ロン・ハワードの最新作である。なのにこれが劇場では見られない。アマゾン配信だけでの公開なのだ。これだけの大作でしかもこんなにも凄い力作。もったいない話だ。これは同じように実話の映画化である彼の『アポロ13』に匹敵する作品だ。(「13シリーズ」というわけではないけど、どちらも「13」という不吉な数字がタイトルに入っている。)
それだけにこれは絶対劇場の大スクリーンで見るべき映画だったと思う。どうしてこういうことになるのか、理解に苦しむ。膨大なお金と労力をつぎ込んで作った映画がこんなふうに消費されるなんて悔しいではないか。洞窟内の暗さや圧迫感は劇場の暗闇でこそ緊張感をもって伝わるはず。しかも2時間半の大作だから映画館のふかふかの椅子に身を潜ませて見たかった。残念でならない。
冒頭の少年たちのサッカーのシーンから洞窟に遊びに行くまでのほのぼのとした描写から一転して、一気に本題へと突入する。タイで2018年に起きた事件の映画化。12人の少年たちと彼らのコーチの計13人が大雨のため洞窟の中に閉じ込められてしまう。いかにして彼らを救出するのかが描かれる。実話だから事の顛末はすでに知っているはずなのに、見ていてドキドキが止まらない。次から次へと難題が押し寄せ、救助は進まない。世界中からたくさんの人たちが救出のために訪れる。英国から来た2人のダイバーが主人公になり、彼らを中心とした救助活動がドキュメンタリータッチで描かれていく。

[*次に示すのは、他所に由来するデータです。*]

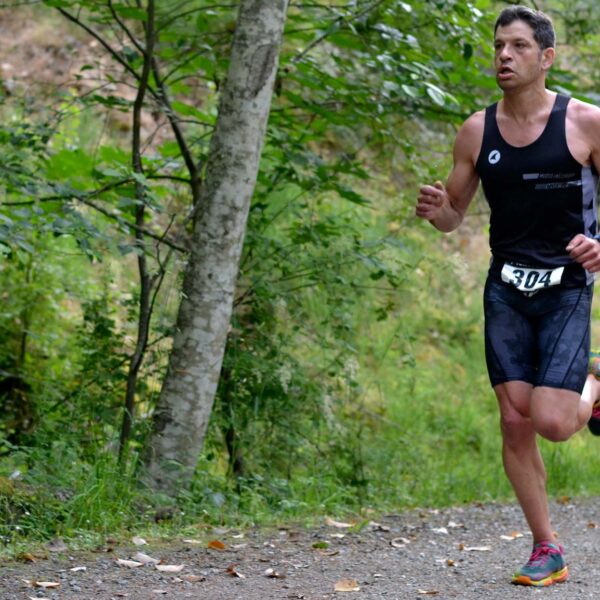 First place finisher, Barret, runs on his second lap around the lake.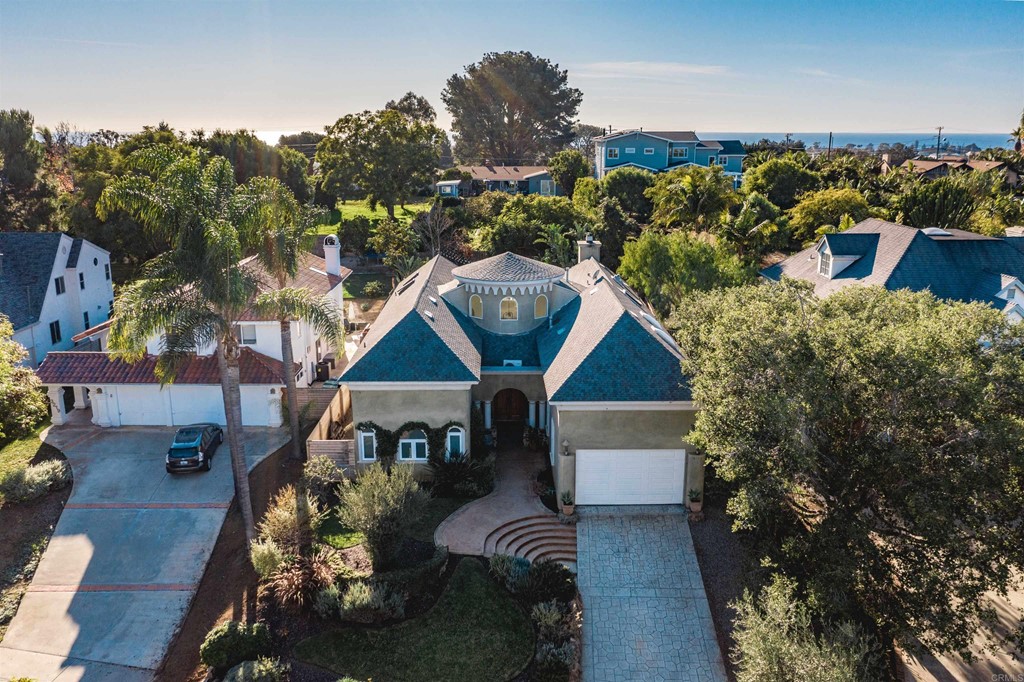 3209 James Drive Carlsbad, CA 92008 - Photo 58 of 65 a front view of a house with a yard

よくぞまぁ、こんな困難な映画を作れたものだと驚く。事件現場を再現するだけでも大変だっただろうが、それを映画として撮影し、まるで事件の現場に居合わせたようなリアリティで見せきる。よくあるハリウッド映画のような大げさな感動を誘うヒューマン映画とは一味も二味も違う映画だ。ロン・ハワード監督はあえて感動的なドラマを作ろうとはしない。徹底してドキュメンタリーの姿勢を貫くことで臨場感を伝える。この事実の記録の映像化に徹する。それをドキュメンタリーでは不可能なリアルさで見せる。圧倒的なビジュアルはハリウッドお得意の特撮技術によるものではなく、役者たちが実際に体を張って見せるのだ。素晴らしい映画だ。そしてここには映画ならではのとんでもない体験が待っている。